Kenneth was convicted in 1994 of breaking into the home of a 28-year-old woman in Clinton Township, Michigan, and raping her, even though he didn’t match the victim’s initial description. The attacker wore a nylon stocking over his head and also blindfolded her, so she only saw glimpses of him. She assisted the police as they created a composite sketch, though she did not think she would be that helpful since she did not see the attacker very well.
The Innocence Files documents how — given the weak identification by the victim — assistant prosecutor Linda Davis worked with police to make the case against Kenneth by presenting other false testimony against him. This included a false statement from a jailhouse informant who was facing serious charges of his own. The informant would later admit that he only gave this fabricated story against Kenneth because the prosecutor “had her foot on my neck.” She also failed to turn over an audiotape police had seized containing a phone message from Kenneth’s ex-girlfriend that would have strongly supported his innocence defense — while falsely suggesting, through her cross-examination of Kenneth, that the recording did not exist.

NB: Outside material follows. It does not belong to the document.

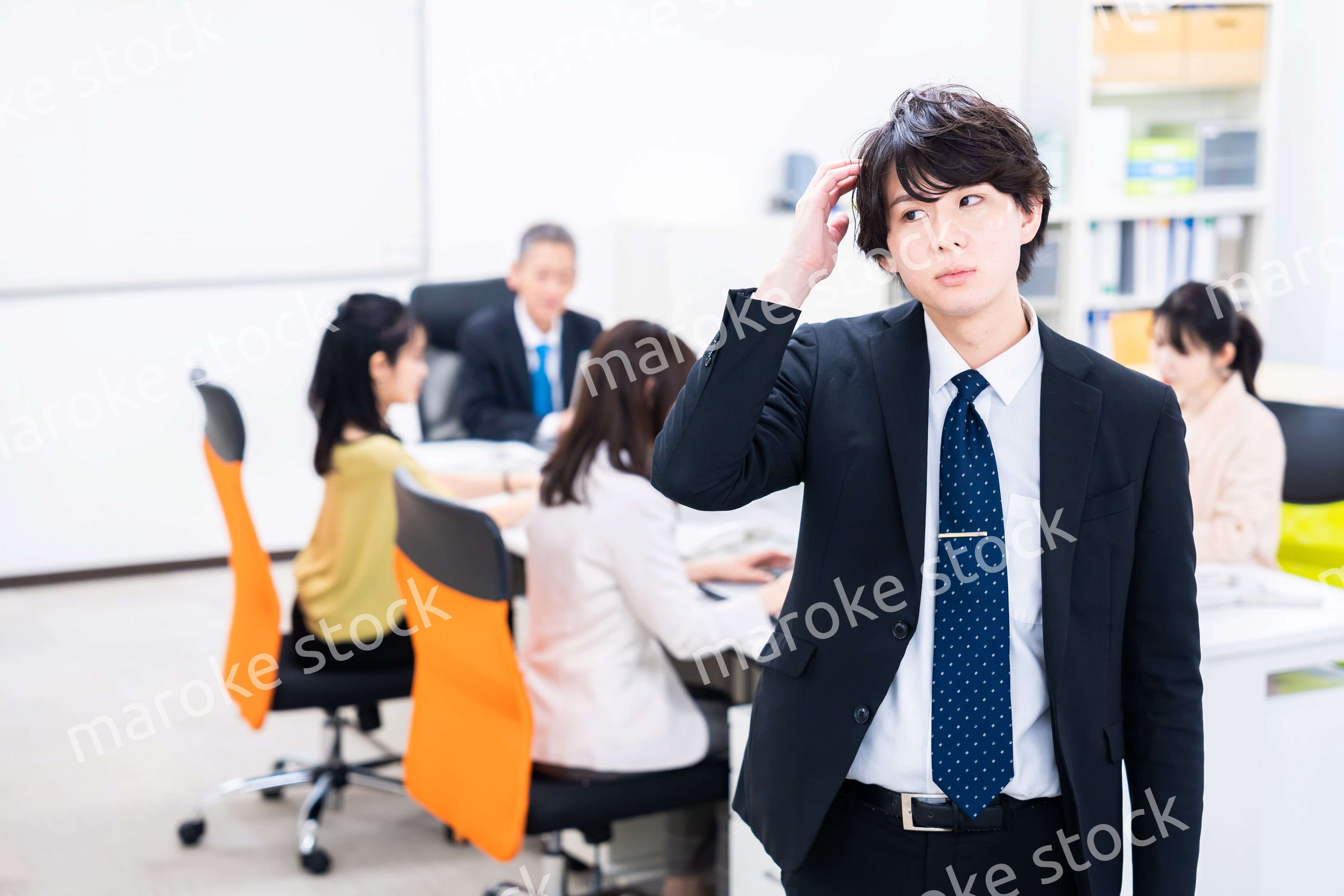 オフィスで悩むビジネスマン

After the Michigan Legislature passed a law in 2001 permitting post-conviction DNA testing in rape cases, Kenneth’s case was among the many investigated by Thomas M. Cooley Law School Innocence Project. They did a DNA test, and results proved Kenneth’s innocence.
But his story is sadly not all that uncommon. Innocent people go to prison a lot more than most think. That’s why it’s so important that we keep telling his story, even 17 years after his exoneration.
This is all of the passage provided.